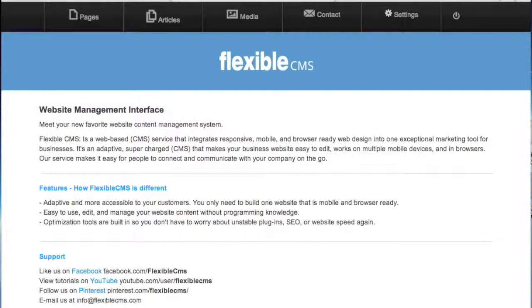Hi, welcome to FlexibleCMS.com and this really quick video tutorial on editing pages in the Flexible CMS backend.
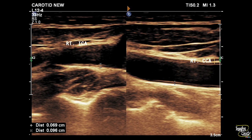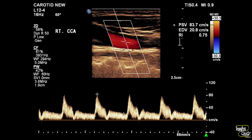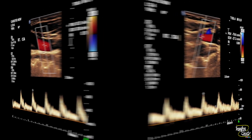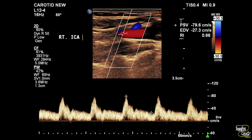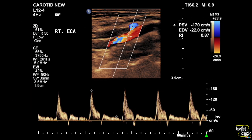Let's check the spectrum. This is the right common carotid artery, which is showing a good amount of flow with a normal spectral pattern. This is the right internal carotid artery, which shows a normal flow velocity. This is the right external carotid artery, which shows slightly increased velocity.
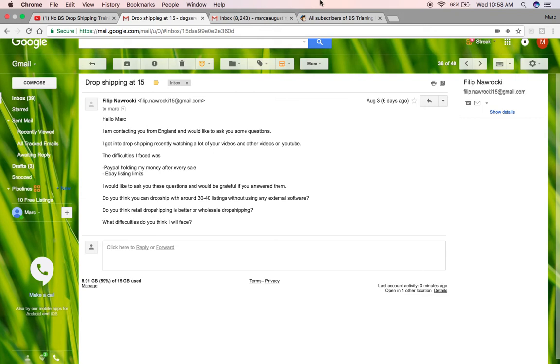He says, Hi, Mark. Hello, Mark. I'll put his email in the description. And those of you guys who have questions, send me an email.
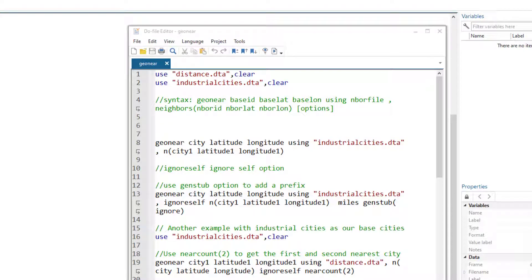In our previous video we discussed a command called geodist, where we estimated the distance between different locations and used it to find the nearest location or locations within a certain radius of our base location. However, that command was difficult to use for those tasks because it was not designed for them.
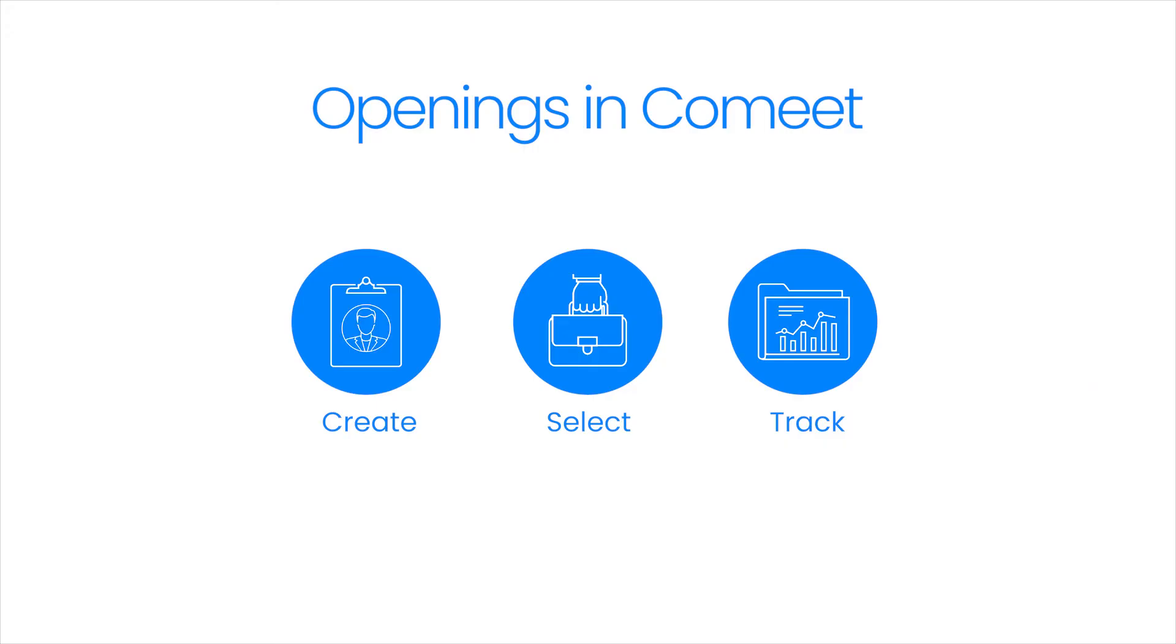Congratulations! You now know how to create an opening for a position, select a relevant opening for a hired candidate, and track your openings over time.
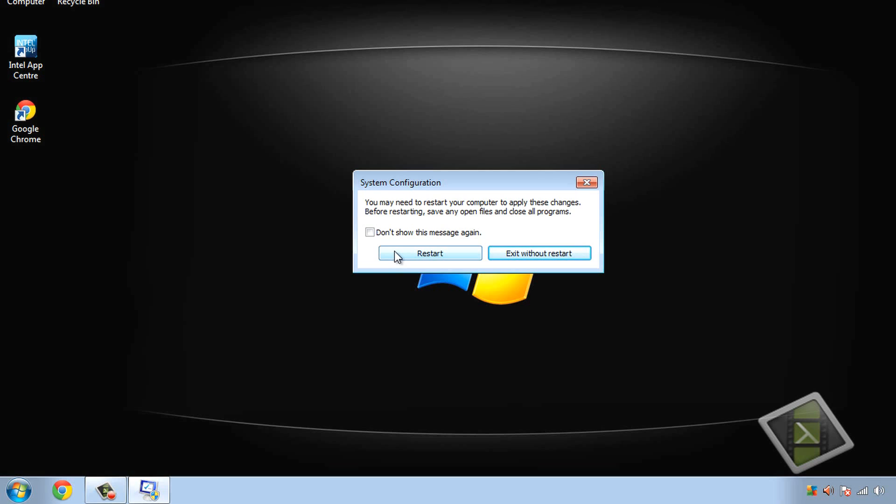Then once your PC restarts and if you've got a password before you log on or you've got multiple users that use the same PC, you will have to do it under administrative status. And just wait a few minutes before you type in your password to go on.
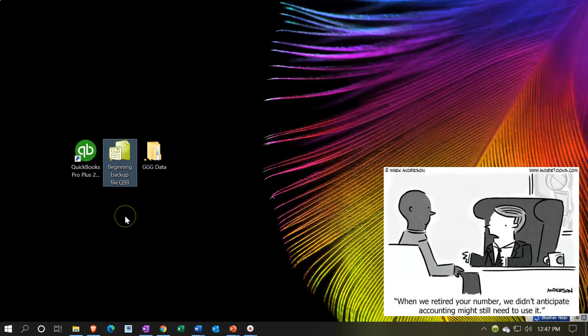If you do not have access to this backup file, you may use your own data file as we go through navigation, because we're not going to be entering new data. The key is that you want something in your QuickBooks file - you don't want it to be blank. You can also use the sample file provided by QuickBooks to have data to help you through the navigation process in the first half of the course.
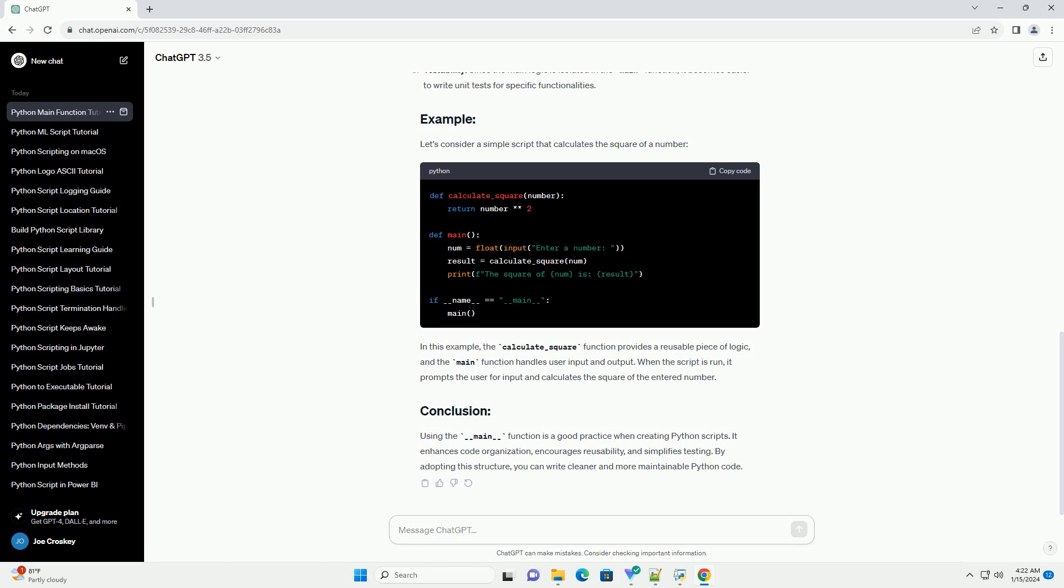Testability: Since the main logic is isolated in the main function, it becomes easier to write unit tests for specific functionalities.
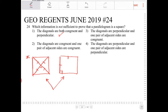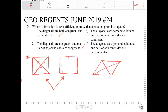Number three: the diagonals are perpendicular and one pair of adjacent sides are congruent. Well, that is actually the description for a rhombus — where the diagonals are perpendicular to one another and adjacent sides are congruent. So that does not work, and I have a feeling the answer is going to be number three.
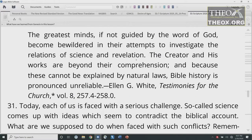From Ellen G. White's Testimonies for the Church, Volume 8: 'The greatest minds, if not guided by the Word of God, become bewildered in their attempts to investigate the relations of science and revelation. The Creator and His works are beyond their comprehension. And because these cannot be explained by natural laws, Bible history is pronounced unreliable.' We set up standards which we think are somehow very reliable — often based on science — and then we say the Bible doesn't fit our standards, so therefore it can't be relied on.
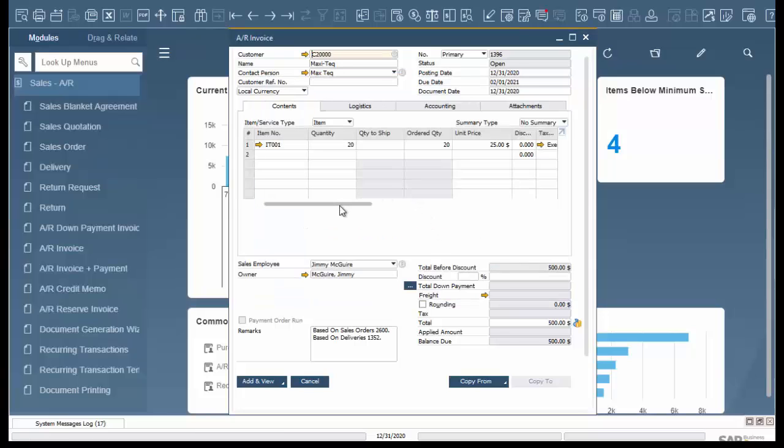It's going to bring over all our information from the delivery including the item number, the quantity, price and it will create the total below.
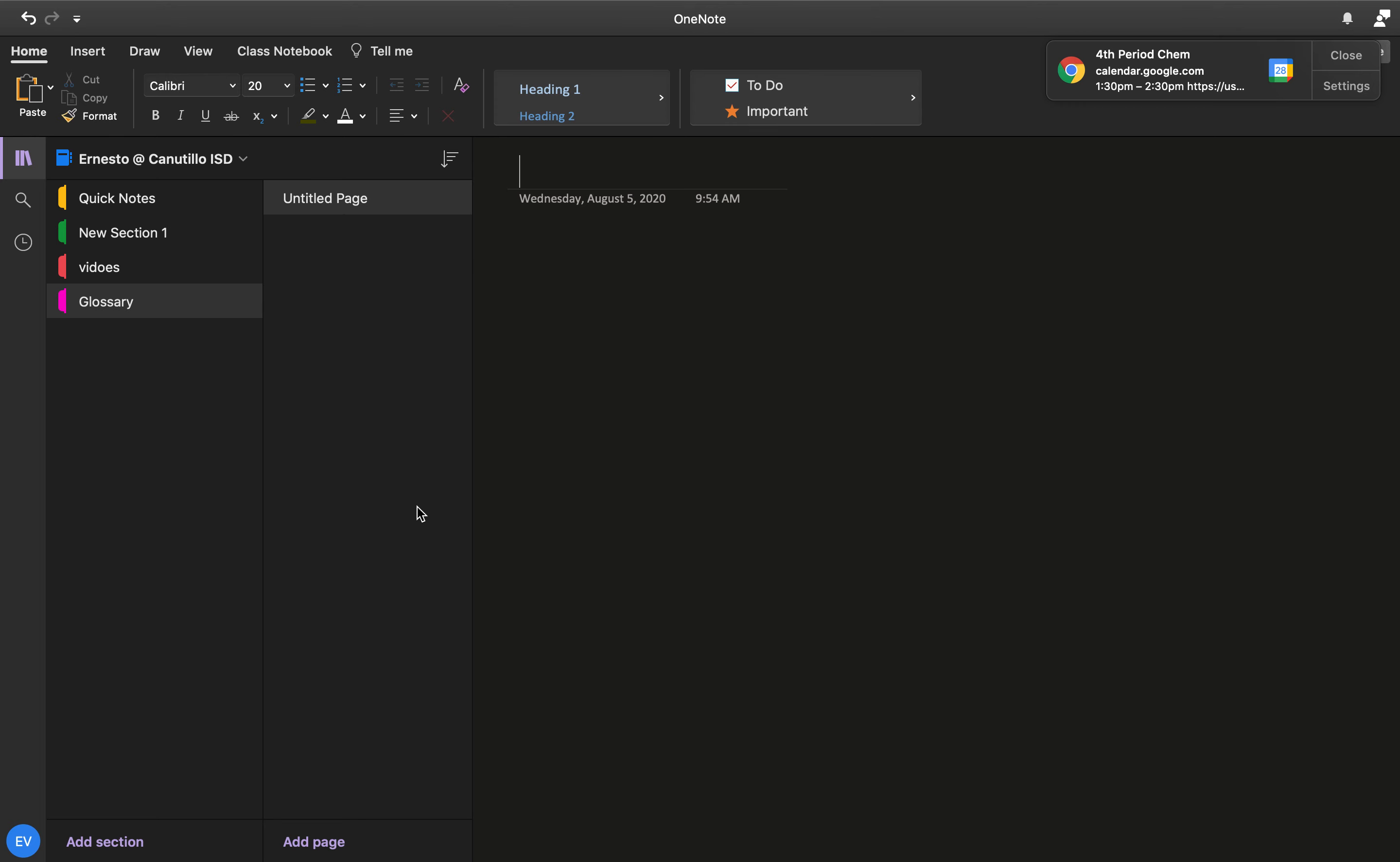Reading over the reflections, a lot of you guys were saying that OneNote was a little confusing and that you were getting kind of frustrated with it. So what I'm going to do is make a series of videos that I'm going to put in your Google Classroom under the notebook topic, and I'm going to show you guys how to navigate the notebook that you can come back and refer to anytime you want.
━━━━━━━━━━
:: WHAT THE TASK ASKS ::
Exactly the lines above from the one that contains "From Ellen G." down to the one that contains "It's going to" are to be output, both ends kept and pictures omitted.

:: SOLVED EXERCISE ::
From Ellen G. White's Testimonies for the Church, Volume 8: 'The greatest minds, if not guided by the Word of God, become bewildered in their attempts to investigate the relations of science and revelation. The Creator and His works are beyond their comprehension. And because these cannot be explained by natural laws, Bible history is pronounced unreliable.' We set up standards which we think are somehow very reliable — often based on science — and then we say the Bible doesn't fit our standards, so therefore it can't be relied on.
It's going to bring over all our information from the delivery including the item number, the quantity, price and it will create the total below.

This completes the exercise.